Ratatouille looks great:  its' colors, textures, and character animation are light-years ahead of what we saw in Toy Story all those years ago.  But while one expects big stars giving memorable performances as the voices in a Pixar flick, this film falls short on both.  Oswalt and Romano are pretty much animation-average as characters whose respective Impossible Dreams are mostly off the rack.  And naming a French chef for Italian food is typical of the movie's low level of linguistic creativity.  The best performance comes from O'Toole as food critic Anton Ego, which is bad news because Ego is the film's most grating character, a “pity me” rant about the horror of being reviewed by a filmmaker who's received nothing but praise throughout his career (at least M. Night Shayamalan had gotten torched by critics for The Village before making a similar mistake in last year's Lady in the Water).

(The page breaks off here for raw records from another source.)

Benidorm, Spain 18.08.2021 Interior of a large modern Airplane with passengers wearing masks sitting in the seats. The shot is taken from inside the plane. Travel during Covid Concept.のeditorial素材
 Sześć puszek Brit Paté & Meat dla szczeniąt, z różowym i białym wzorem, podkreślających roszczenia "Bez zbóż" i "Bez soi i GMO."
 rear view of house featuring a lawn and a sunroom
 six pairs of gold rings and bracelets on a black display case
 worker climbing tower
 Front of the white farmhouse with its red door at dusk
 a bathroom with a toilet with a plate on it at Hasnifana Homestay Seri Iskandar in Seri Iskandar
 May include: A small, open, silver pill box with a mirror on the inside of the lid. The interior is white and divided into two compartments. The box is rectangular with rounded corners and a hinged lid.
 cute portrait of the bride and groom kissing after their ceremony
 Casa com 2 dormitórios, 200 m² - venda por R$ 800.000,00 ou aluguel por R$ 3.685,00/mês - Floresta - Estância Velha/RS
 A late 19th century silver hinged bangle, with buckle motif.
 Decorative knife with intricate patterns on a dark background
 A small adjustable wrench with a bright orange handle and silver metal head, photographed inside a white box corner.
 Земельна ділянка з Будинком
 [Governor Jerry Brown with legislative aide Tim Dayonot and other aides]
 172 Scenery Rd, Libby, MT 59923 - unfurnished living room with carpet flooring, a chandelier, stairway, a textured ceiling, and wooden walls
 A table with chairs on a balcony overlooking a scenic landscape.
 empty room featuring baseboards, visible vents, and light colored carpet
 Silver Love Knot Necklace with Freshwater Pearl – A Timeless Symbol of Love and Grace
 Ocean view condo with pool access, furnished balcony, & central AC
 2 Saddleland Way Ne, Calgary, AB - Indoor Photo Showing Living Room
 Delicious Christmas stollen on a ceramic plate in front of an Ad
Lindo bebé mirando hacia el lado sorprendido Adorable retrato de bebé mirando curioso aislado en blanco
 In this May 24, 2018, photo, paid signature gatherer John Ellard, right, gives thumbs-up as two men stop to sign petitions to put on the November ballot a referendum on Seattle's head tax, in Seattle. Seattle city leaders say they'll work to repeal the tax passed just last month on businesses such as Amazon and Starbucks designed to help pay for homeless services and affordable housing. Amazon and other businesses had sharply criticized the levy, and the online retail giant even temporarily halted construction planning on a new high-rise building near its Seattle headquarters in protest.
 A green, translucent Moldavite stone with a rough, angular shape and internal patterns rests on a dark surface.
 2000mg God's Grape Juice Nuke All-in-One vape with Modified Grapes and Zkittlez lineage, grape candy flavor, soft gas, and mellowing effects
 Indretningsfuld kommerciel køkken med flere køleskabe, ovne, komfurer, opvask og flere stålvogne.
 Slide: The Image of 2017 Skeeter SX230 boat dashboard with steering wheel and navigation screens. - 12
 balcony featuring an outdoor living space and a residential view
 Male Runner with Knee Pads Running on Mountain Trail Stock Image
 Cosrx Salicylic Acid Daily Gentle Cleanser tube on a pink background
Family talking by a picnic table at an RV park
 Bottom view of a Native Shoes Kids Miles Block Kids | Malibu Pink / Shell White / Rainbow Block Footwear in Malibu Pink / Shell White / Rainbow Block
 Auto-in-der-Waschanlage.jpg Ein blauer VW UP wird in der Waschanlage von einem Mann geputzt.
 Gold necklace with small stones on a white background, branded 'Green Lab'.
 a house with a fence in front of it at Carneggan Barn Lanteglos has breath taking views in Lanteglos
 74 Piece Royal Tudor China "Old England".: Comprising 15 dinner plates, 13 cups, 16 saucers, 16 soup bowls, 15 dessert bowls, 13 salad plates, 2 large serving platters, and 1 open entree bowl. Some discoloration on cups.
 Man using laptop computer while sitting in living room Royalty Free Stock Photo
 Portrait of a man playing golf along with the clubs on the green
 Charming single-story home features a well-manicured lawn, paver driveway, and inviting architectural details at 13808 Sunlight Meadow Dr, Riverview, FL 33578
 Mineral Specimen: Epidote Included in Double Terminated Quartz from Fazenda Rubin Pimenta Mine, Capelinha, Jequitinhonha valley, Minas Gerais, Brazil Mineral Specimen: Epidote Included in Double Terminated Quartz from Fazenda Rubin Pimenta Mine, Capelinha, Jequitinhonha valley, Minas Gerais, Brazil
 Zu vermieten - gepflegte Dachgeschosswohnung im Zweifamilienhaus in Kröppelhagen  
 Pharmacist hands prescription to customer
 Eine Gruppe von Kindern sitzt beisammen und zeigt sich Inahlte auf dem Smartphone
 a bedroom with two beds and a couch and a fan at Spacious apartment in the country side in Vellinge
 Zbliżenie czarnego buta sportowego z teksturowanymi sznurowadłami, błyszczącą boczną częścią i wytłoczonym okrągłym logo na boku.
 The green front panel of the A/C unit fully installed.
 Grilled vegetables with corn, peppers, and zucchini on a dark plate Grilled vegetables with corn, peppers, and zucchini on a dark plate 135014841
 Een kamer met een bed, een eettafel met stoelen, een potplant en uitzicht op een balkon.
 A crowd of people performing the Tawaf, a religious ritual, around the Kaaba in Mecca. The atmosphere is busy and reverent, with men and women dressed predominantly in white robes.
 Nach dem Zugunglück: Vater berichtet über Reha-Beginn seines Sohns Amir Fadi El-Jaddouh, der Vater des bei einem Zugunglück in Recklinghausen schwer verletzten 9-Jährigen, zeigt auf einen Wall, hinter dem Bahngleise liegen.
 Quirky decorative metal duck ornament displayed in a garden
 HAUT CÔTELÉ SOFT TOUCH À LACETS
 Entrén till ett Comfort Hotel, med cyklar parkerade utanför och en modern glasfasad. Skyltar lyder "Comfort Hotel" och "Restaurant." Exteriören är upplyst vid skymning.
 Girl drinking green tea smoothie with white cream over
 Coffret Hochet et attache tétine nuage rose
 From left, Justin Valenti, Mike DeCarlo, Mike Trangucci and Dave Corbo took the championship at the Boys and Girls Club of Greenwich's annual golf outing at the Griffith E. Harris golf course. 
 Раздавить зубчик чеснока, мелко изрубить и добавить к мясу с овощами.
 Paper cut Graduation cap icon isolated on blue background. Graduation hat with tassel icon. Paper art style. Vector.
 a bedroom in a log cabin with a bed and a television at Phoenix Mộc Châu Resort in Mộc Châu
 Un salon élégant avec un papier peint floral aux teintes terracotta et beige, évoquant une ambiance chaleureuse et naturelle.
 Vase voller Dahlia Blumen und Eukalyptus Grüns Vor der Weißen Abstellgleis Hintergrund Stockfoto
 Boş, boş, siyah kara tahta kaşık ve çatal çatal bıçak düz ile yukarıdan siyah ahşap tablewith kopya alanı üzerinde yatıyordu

In the end, Ratatouille isn't quite as bad as the sum of its' problems:  it's pleasant enough and I'm sure will appeal more to moviegoers better versed in the culture of fine dining than myself (and thus more likely to share the movie's general level of snobbery about all thing culinary).  But it falls far below the high bar set by The Incredibles, whose “Don't be afraid to be great” message seemed so much more heartfelt than the assorted generic uplift dolled out by the characters here.  If you're inclined to think of Pixar the way you would, say, Steven Spielberg, then Ratatouille is a lot more The Lost World than Schindler's List.